Recently we discussed one of American history’s ironies: If the American colonies had not won their independence, the slaves would have been better off.
Unfortunately, if the Louisiana Purchase, universally hailed as a great event for America, actually hurt African-Americans by perpetuating slavery.
Impossible, you say? Read on…
In 1802, Napoleon Bonaparte, ruler of France, sent an army to reclaim what is now Haiti. It seems that the revolutionary fever that swept through America and France also infected what was then a French colony called Hispaniola. At the time, a slave revolt expelled the French and made it the second republic in the western hemisphere, and the first run by blacks.
However, because of a combination of yellow fever and the American rebel army, we destroyed the French Army, which caused Napoleon to think about the looming war against England, and other European intrigues going on. He decided to forego North America, and offered to sell Louisiana to American President Thomas Jefferson.
At the time, slavery was a knotty problem the Founding Fathers conveniently sidestepped during the Constitutional Convention, and many people in America figured slavery would wither and die, and the problem would just go away. Eventually, the argument went, there will be less and less land for cotton growing (cotton is notoriously hard on the soil,) meaning a lesser need for slaves until slavery, too, died out.
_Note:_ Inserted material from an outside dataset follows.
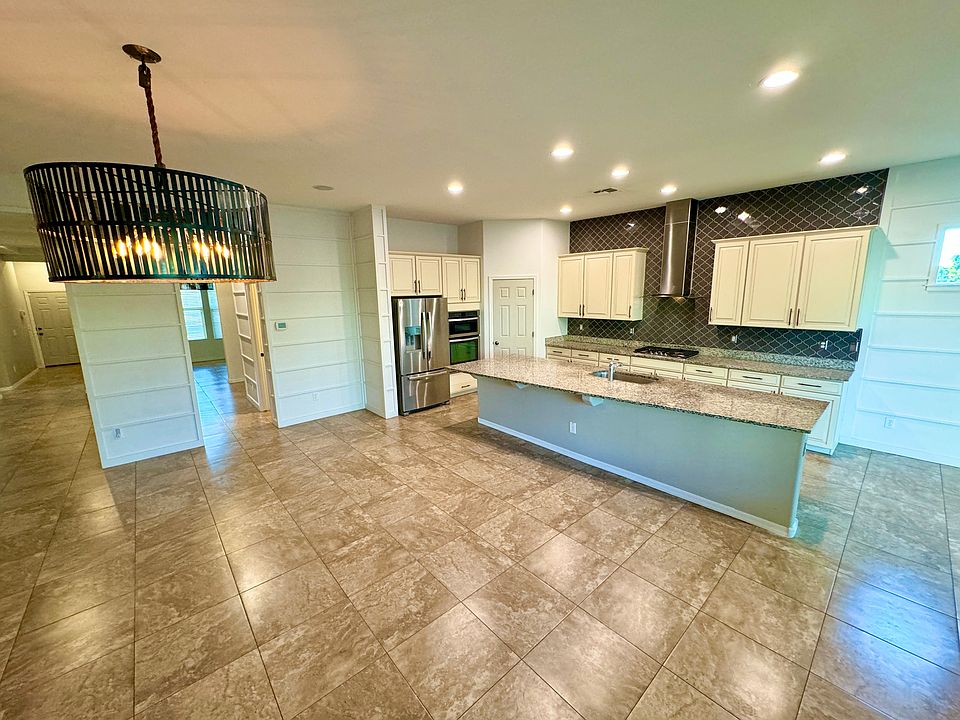 1st image of 4056 E Palo Verde St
But the Louisiana Purchase more than doubled the size of the U.S. overnight, and cotton growers packed up and moved to the new territory, taking their slaves with them into what became a big business, and slavery became an entrenched part of that process. It was not going to go away it just got bigger and bigger.
If France had held onto the Louisiana Purchase lands for just 20 more years, would slavery have died out of its own accord? It is a fascinating thought to consider.